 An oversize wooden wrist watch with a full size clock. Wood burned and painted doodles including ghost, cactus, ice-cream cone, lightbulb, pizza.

==

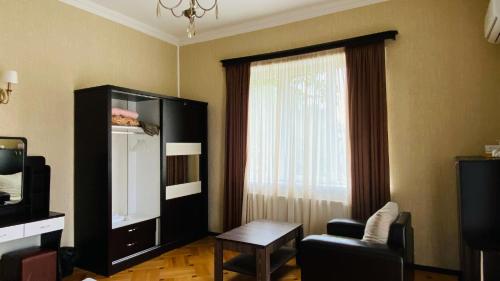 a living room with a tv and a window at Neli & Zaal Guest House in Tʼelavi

==

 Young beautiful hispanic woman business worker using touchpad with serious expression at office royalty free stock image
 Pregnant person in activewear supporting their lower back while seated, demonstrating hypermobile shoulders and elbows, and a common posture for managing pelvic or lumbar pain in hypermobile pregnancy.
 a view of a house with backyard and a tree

» REQUIRED ACTION: From the entries above, write out only the lines starting at the line that holds "Young beautiful hispanic" and ending at the line that holds "a view of a house with backyard and a tree", keeping both and matching them exactly.

» EXERCISE RESULT:
 Young beautiful hispanic woman business worker using touchpad with serious expression at office royalty free stock image
 Pregnant person in activewear supporting their lower back while seated, demonstrating hypermobile shoulders and elbows, and a common posture for managing pelvic or lumbar pain in hypermobile pregnancy.
 a view of a house with backyard and a tree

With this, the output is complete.